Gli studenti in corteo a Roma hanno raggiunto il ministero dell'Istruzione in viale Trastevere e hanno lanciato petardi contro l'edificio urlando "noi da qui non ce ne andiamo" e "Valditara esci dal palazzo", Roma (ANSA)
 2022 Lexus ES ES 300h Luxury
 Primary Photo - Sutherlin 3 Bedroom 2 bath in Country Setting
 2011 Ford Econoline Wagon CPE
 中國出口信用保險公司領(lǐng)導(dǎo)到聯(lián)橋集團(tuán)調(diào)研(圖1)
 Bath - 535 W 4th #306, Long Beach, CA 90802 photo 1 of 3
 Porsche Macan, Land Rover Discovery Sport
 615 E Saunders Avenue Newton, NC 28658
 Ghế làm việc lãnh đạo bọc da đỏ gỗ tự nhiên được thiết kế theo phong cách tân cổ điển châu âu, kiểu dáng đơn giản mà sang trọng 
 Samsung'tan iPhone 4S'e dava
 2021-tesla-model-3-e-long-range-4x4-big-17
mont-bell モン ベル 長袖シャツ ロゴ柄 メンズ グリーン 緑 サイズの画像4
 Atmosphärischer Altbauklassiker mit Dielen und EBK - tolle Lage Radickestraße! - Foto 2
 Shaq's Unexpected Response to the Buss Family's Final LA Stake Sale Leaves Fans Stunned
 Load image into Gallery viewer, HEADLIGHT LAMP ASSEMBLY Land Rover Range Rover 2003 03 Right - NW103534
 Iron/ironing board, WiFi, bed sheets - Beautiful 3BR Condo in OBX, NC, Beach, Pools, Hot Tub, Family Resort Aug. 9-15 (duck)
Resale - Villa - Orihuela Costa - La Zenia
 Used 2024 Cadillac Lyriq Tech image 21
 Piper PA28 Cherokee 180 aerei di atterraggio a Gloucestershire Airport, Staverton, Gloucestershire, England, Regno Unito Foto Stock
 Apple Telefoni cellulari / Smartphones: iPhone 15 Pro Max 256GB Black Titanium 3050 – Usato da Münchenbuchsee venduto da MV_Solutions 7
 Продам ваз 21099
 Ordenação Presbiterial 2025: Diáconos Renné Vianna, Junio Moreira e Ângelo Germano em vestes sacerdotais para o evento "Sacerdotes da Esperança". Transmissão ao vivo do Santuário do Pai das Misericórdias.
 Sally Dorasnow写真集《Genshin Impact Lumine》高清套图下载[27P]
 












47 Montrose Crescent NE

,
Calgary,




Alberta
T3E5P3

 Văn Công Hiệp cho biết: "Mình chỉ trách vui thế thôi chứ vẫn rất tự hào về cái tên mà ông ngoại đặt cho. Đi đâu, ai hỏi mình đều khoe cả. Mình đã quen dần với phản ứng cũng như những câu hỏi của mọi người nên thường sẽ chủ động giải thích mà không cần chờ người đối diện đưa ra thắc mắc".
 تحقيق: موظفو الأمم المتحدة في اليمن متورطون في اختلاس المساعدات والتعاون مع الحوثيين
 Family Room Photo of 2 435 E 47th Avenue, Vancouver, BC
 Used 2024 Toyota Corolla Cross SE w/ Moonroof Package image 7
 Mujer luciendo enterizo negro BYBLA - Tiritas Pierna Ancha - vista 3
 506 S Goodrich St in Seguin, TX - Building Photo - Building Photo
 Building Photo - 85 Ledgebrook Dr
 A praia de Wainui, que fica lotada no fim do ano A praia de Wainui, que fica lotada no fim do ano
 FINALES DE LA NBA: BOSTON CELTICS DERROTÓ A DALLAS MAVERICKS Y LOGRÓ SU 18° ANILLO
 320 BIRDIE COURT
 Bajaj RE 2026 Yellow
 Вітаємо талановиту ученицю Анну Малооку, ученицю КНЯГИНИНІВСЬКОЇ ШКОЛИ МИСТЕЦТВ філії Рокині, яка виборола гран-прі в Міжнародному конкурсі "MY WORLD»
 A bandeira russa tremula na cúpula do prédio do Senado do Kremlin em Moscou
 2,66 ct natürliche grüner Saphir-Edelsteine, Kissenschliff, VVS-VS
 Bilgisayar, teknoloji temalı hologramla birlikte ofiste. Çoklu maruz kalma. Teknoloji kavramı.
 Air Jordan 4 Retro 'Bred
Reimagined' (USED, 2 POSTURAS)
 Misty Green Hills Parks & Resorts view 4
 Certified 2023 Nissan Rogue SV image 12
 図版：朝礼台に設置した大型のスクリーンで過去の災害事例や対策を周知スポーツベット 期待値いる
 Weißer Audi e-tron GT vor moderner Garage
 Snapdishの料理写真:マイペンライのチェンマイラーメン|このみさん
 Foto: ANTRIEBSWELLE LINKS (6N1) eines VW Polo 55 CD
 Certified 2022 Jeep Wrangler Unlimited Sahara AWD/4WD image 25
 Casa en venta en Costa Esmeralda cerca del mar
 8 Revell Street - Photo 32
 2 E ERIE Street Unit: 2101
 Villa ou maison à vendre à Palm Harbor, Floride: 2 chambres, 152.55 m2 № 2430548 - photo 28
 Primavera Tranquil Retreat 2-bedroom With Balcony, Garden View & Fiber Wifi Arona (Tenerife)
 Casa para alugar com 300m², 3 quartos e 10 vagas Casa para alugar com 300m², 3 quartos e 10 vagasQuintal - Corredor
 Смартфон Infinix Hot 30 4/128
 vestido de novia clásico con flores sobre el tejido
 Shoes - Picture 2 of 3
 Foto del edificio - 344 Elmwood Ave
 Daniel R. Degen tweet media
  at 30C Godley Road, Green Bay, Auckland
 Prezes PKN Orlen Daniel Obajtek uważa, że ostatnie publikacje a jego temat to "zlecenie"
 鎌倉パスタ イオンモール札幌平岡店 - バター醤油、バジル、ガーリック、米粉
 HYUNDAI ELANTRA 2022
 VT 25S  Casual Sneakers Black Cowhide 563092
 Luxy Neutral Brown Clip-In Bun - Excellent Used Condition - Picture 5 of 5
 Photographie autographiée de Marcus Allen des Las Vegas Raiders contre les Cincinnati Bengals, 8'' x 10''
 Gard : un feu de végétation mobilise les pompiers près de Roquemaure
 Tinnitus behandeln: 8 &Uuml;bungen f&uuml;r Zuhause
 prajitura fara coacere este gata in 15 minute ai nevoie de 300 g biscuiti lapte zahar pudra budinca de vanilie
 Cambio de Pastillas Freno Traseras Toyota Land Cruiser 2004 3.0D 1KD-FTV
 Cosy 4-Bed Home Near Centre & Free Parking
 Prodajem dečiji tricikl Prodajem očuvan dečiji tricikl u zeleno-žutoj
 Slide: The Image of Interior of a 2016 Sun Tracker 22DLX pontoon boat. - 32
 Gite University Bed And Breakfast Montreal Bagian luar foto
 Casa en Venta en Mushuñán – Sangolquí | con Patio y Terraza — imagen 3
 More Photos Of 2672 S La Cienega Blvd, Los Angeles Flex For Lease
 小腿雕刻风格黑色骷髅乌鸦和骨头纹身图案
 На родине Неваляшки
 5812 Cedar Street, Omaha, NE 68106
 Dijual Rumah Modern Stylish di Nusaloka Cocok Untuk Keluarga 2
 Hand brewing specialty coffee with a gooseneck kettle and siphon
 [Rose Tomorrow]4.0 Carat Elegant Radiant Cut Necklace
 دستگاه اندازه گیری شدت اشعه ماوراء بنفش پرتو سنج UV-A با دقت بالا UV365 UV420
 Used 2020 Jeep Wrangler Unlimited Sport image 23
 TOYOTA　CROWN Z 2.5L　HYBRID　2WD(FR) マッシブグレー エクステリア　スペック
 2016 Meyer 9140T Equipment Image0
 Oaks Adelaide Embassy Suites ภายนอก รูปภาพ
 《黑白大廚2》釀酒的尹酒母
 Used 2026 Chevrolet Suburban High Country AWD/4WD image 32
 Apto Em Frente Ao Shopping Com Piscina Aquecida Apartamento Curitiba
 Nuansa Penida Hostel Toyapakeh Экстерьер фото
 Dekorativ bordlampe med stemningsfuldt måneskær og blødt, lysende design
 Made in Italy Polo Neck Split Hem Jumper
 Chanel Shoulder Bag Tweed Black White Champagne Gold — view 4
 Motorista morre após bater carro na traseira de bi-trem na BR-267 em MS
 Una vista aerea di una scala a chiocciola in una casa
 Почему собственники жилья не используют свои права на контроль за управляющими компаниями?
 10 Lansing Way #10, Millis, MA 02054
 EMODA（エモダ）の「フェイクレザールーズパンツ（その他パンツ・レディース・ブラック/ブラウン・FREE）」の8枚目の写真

++++++++++++++++++++

◆ **What you have to do**
Only the lines with the string "Building" are wanted; pick them out of the records above and copy them.

◆ **Response**
 506 S Goodrich St in Seguin, TX - Building Photo - Building Photo
 Building Photo - 85 Ledgebrook Dr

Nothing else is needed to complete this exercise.